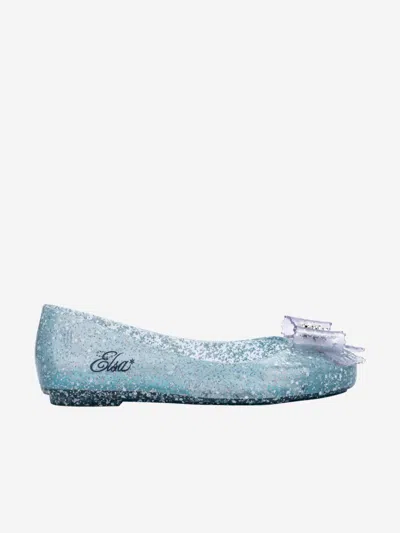 Mini Melissa + Disney Princess Girls' Mini Sweet Love Ballet Flats - Toddler, Little Kid, Big Kid In Blue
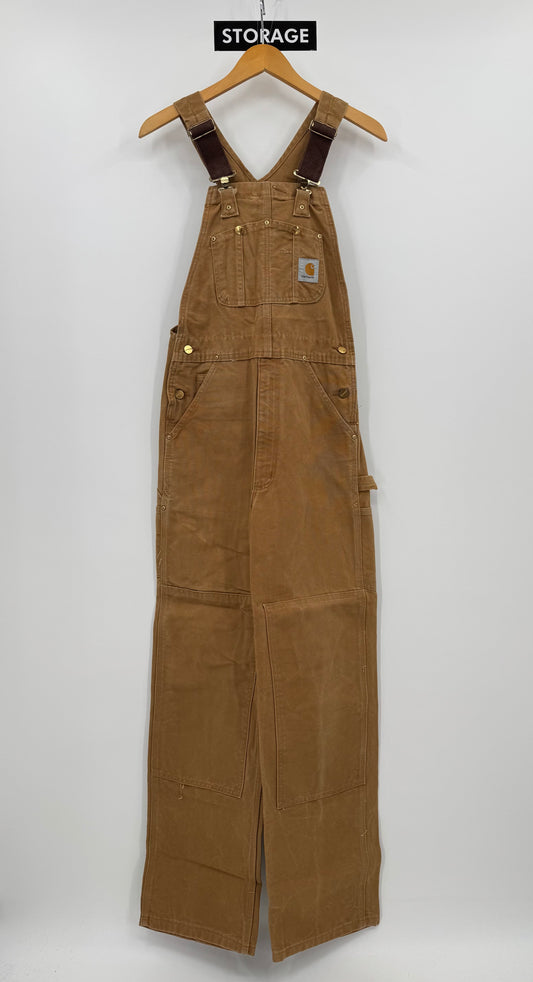 【古着】carhartt BIB OVERALL COTTON DUCK 30/34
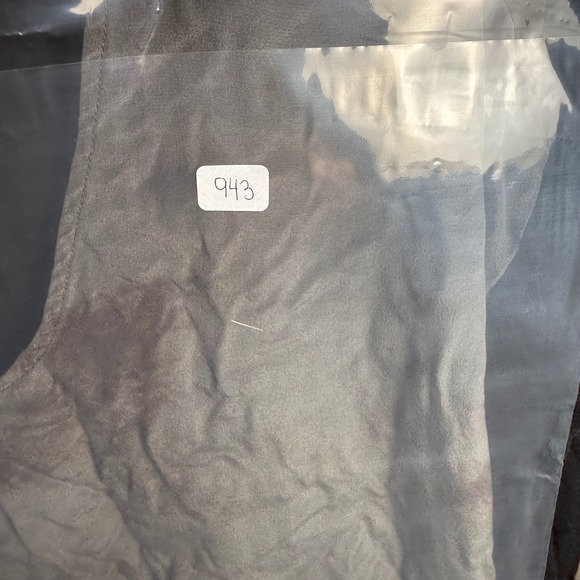 BIYA by Johnny Was Tunic Top Small S Modal Blend Brown Grey Abstract Long Sleeve - Picture 7 of 7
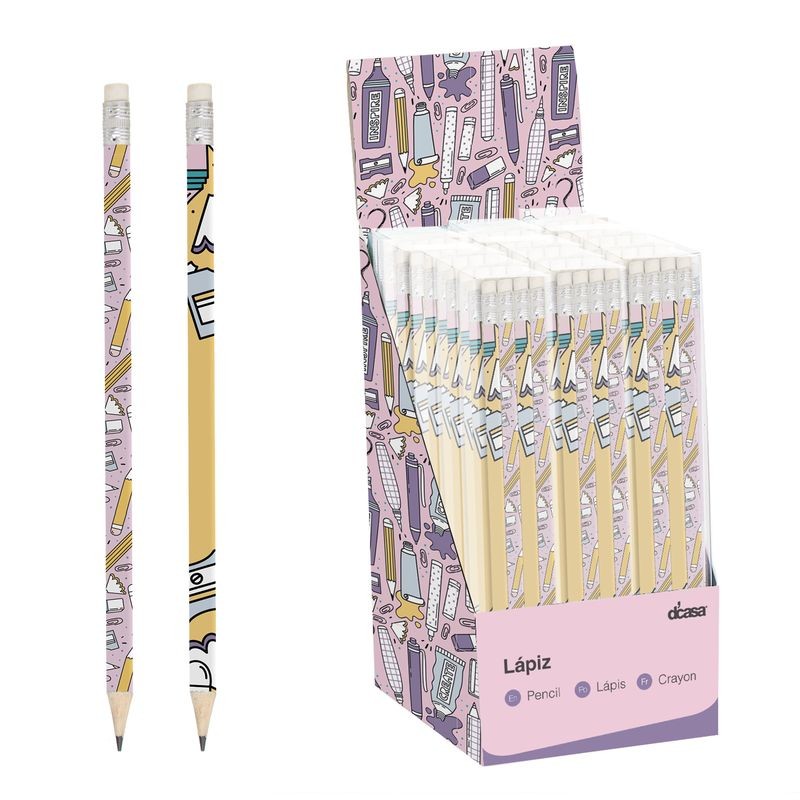 Paquet de 8 crayons lilas
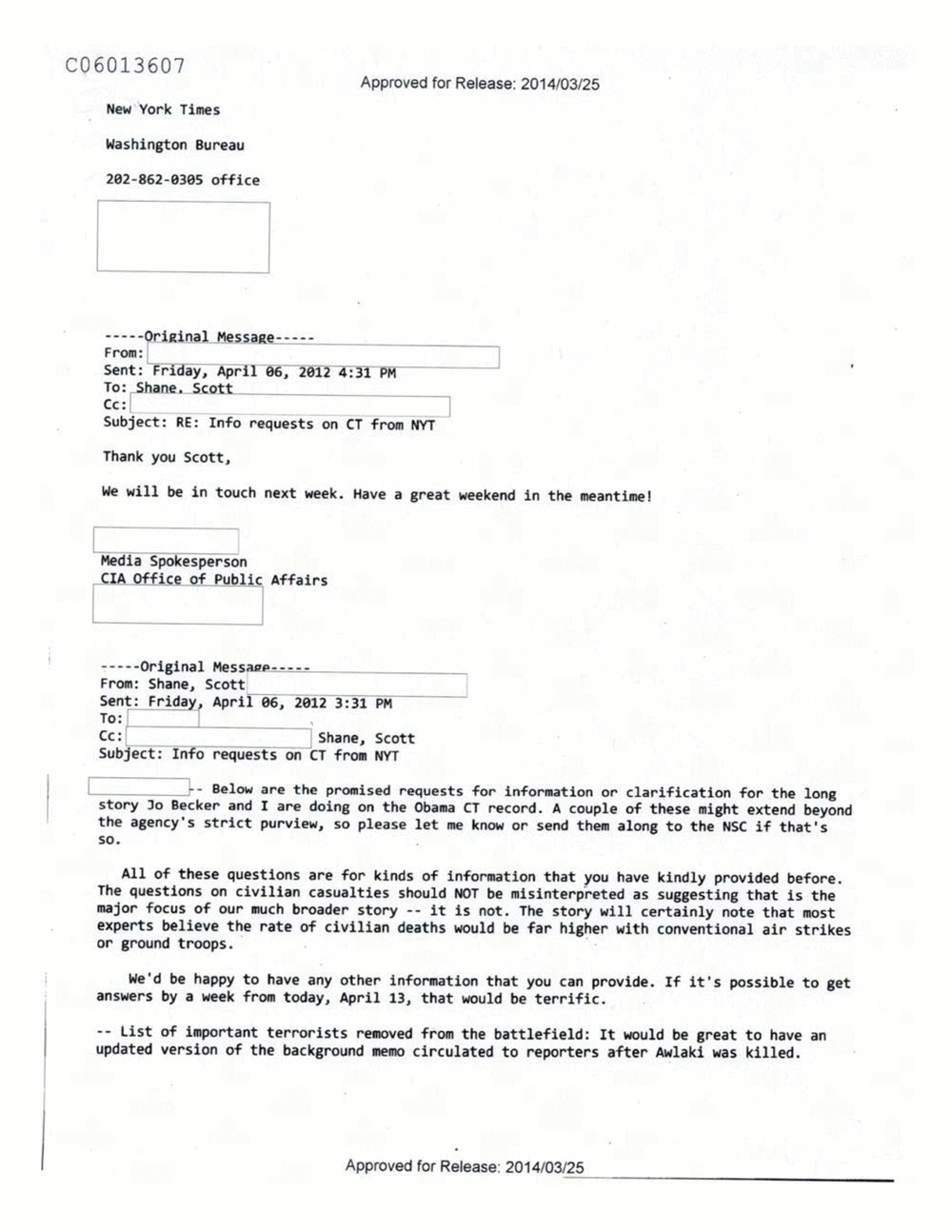 Page 417 from Email Correspondence Between Reporters and CIA Flacks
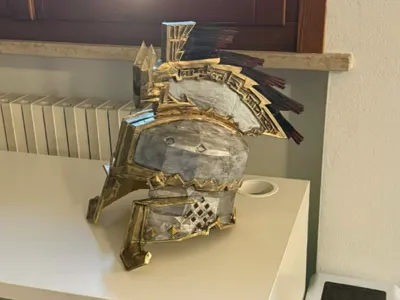 Özel Tasarım Dáin Demirbaşı Miğferi Koleksiyonluk Süs Çarpıcı Dekoratif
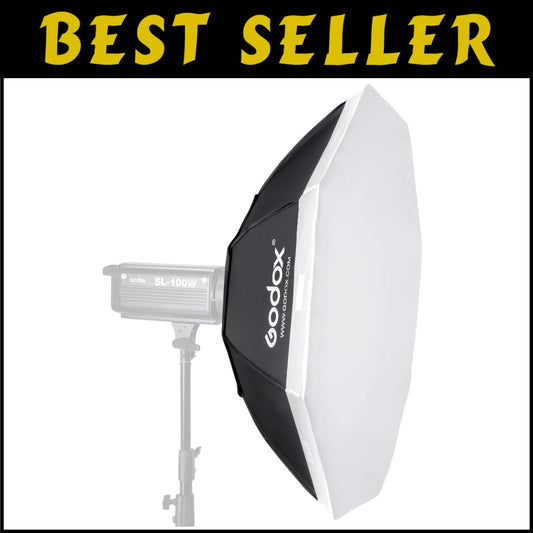 Octagon 95cm Softbox Diffuser with Bowens Speedring for Professional Lighting
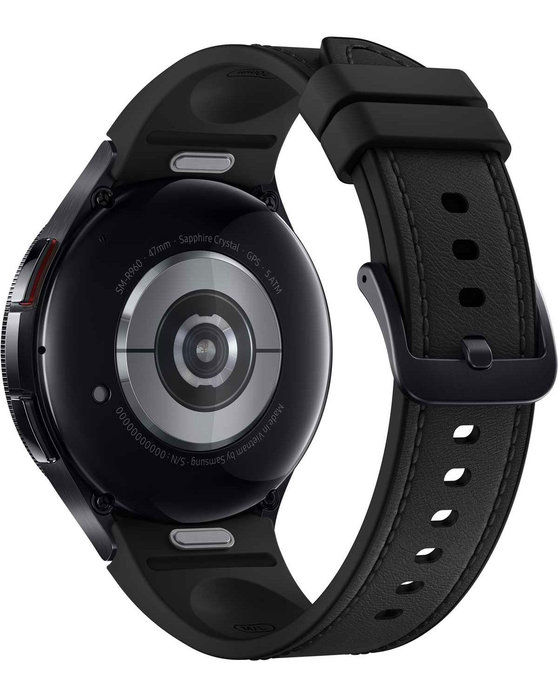 Samsung Galaxy Watch 6 Classic 47mm Black with Black Combined Materials Strap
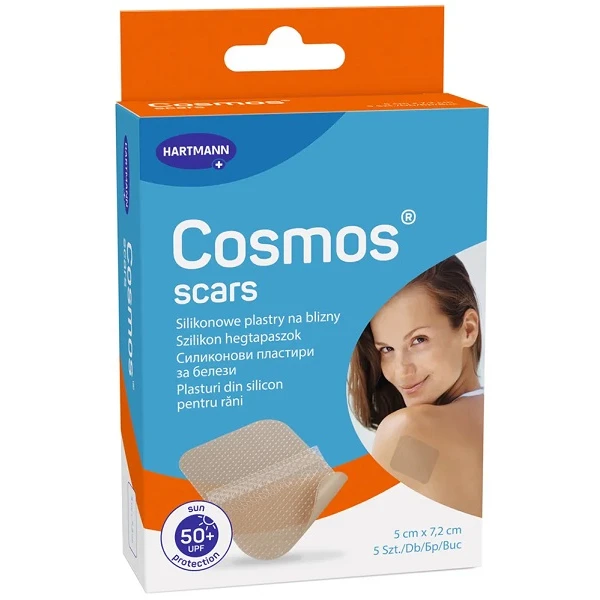 Plastry silikonowe na blizny, Cosmos Scars, 5 sztuk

** Exercise brief **
With all pictures omitted, return exactly the lines from the one containing "COTTON DUCK 30/34" through the end of the entries above.

** Your response **
 【古着】carhartt BIB OVERALL COTTON DUCK 30/34
 BIYA by Johnny Was Tunic Top Small S Modal Blend Brown Grey Abstract Long Sleeve - Picture 7 of 7
 Paquet de 8 crayons lilas
 Page 417 from Email Correspondence Between Reporters and CIA Flacks
 Özel Tasarım Dáin Demirbaşı Miğferi Koleksiyonluk Süs Çarpıcı Dekoratif
 Octagon 95cm Softbox Diffuser with Bowens Speedring for Professional Lighting
 Samsung Galaxy Watch 6 Classic 47mm Black with Black Combined Materials Strap
 Plastry silikonowe na blizny, Cosmos Scars, 5 sztuk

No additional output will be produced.